Streptomycin treatment shifted the majority of the intact Pph population to a state of increased RSG staining intensity. Antibiotics stimulate the production of reactive oxygen species (ROS) in bacteria (46), and antibiotic-induced increases in RSG intensity were recently associated with an accumulation of ROS-protective reductases in Campylobacter jejuni (47). Thus, we suspect that the high-redox fraction in Pph cells similarly reflects a reductase response to intracellular ROS production, although ROS-specific methods would be needed to determine this conclusively. If so, the nonculturability of this fraction may be consistent with findings that ROS avoidance is a marker of persistence and postantibiotic culturability (48, 49), although in our study, even the fraction of moderate RSG intensity was unculturable after streptomycin removal. All intact cells are counted as live or VBNC cells using common permeability-based quantification methods (50), but the high-redox cells that we observed are distinct from the VBNC cells induced by long-term starvation, reported as being dormant and persister-like (6, 7). This study demonstrates that the large live-but-unculturable fraction does not revive in a susceptible host or greatly contribute to short-term infection in a mixed population.

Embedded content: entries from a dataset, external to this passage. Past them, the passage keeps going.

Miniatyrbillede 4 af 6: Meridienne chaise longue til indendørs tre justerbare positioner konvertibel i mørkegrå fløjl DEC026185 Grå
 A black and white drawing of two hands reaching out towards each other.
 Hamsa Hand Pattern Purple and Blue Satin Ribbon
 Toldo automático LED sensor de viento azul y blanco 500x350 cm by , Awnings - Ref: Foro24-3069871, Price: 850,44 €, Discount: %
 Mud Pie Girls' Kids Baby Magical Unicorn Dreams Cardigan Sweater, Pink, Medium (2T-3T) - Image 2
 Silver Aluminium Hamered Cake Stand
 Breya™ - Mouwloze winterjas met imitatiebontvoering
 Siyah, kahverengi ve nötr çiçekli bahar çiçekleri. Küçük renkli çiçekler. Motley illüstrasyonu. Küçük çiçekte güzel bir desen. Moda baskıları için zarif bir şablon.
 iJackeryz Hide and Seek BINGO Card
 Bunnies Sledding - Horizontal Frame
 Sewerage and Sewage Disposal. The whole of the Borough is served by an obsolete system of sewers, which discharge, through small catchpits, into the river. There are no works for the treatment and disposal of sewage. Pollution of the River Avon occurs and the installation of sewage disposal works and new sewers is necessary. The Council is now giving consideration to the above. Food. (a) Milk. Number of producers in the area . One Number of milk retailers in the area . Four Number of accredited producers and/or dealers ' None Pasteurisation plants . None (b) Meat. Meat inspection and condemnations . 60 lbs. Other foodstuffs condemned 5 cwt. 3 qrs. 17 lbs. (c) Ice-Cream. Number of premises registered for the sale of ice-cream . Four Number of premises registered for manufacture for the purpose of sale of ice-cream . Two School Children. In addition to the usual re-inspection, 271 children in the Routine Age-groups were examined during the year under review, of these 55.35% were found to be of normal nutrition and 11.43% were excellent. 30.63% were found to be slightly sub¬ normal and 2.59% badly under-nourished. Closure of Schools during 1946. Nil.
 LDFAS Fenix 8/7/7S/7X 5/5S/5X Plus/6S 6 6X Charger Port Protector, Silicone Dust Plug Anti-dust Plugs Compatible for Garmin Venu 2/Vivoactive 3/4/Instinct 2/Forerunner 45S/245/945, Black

Even in the absence of antimicrobial treatment, the fraction of Pph cells with the strongest redox signal did not cause symptoms in the host. In recent years, it has become clear that pathogenicity to plants is often a heterogeneously expressed trait, with essential virulence factors produced in a population-bistable manner in P. syringae and other plant pathogens (51, 52). The virulent state is associated with a suppression of genes involved in active growth processes (53, 54). This study links one avirulent Pph subpopulation to an increased metabolic rate. It is striking that 5 h of exposure to a long-relied-upon disease control treatment did not greatly reduce the number of intact and active cells but rather shifted much of the population toward a noninfectious state. A more complete understanding of how antibacterial treatments affect pathogen physiology, both in the lab and in the field, will be essential in tailoring disease control strategies that are more effective in reducing the pathogen inoculum.

MATERIALS AND METHODS

Bacterial strains, plant lines, and culture conditions.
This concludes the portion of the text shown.